Por consiguiente, nos quedamos parados y no hacemos nada. El enfermo se siente marginado, el pobre fuera de lugar, el joven inexperto, los viejos incapaces y los que están en medio, ocupados. Estas actitudes animan la inercia espiritual y el letargo. Quizás esto se de porque no entendemos que todos estamos llamados a servir a Dios de la misma manera.
Hay muchos modos de servir a Dios según nuestro estado particular de vida. Existen algunos más generales que se aplican a todas las condiciones sociales. Entre estos, podemos contar: dar de nuestro tiempo, nuestros talentos, nuestro sufrimiento, nuestra oración y nuestra ayuda material. Uno de los regalos más preciosos que Dios nos ha dado es el tiempo. Es un regalo que debe ser bien administrado. Nuestra eternidad puede depender de que tan bien lo usemos.

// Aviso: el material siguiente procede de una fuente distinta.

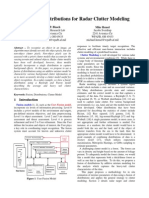 Fusion of Distributions For Radar Clutter Modeling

Es un instrumento en nuestras manos con el que tallamos el edificio en el que viviremos para toda la eternidad.
La mayor parte de tiempo es perdido. A veces
hablamos de "matar el tiempo" y la toma de conciencia de su
existencia nos genera monotonía y aburrimiento. Cuando sufrimos, parece andar a
rastras, cuando estamos alegres, pareciera que volara. Nos parece infinito
cuando esperamos algo importante y muy corto cuando la alegría repentina del
Sol naciente introduce nuestro día.
También es necesario darle un poco de tiempo a Dios en la oración y en el apostolado. Así como alimentamos al pobre y vestimos al desnudo no debemos olvidar que estos trabajos exteriores de piedad deben derivarse de un corazón compasivo y un espíritu parecido al de Cristo dentro de nosotros. Si nuestras obras buenas no son el fruto de una unión profunda con Dios entonces son simplemente una competencia entre "los que tienen" y los que "no tienen".